* [Aim of the exercise] Leaving out every picture, please repeat exactly the line that contains "Patriotic American USA Heart Graphic Tee Top" and each line after it through the final line below.

Supplied data Block Start

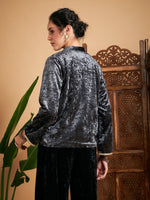 Women Grey Velvet Embroidered Jacket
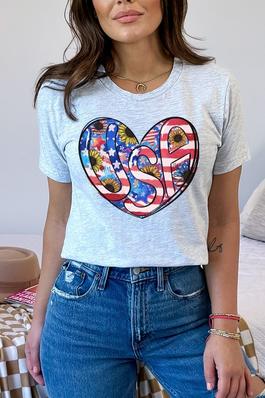 Patriotic American USA Heart Graphic Tee Top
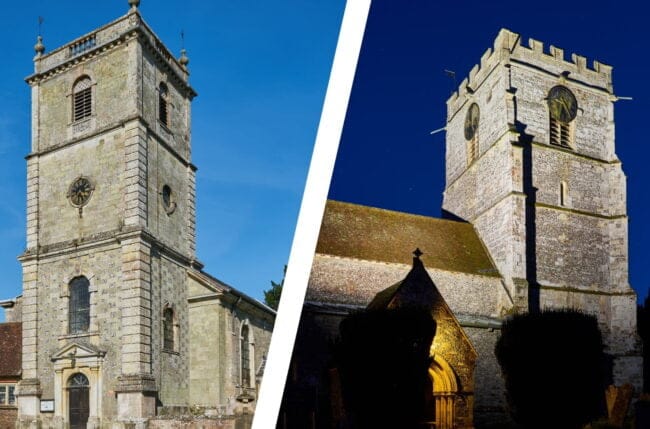 The exteriors of the churches of Wimborne St Giles and Cranborne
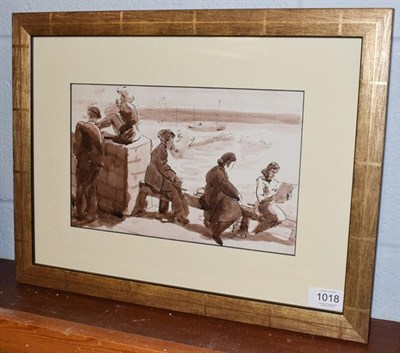 Lot 1018 - Hyman Segal (b.1914) Figures seated on a harbour wall Monochromatic watercolour, 17.5cm by...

Supplied data Block End

* [Answer for the task]
 Patriotic American USA Heart Graphic Tee Top
 The exteriors of the churches of Wimborne St Giles and Cranborne
 Lot 1018 - Hyman Segal (b.1914) Figures seated on a harbour wall Monochromatic watercolour, 17.5cm by...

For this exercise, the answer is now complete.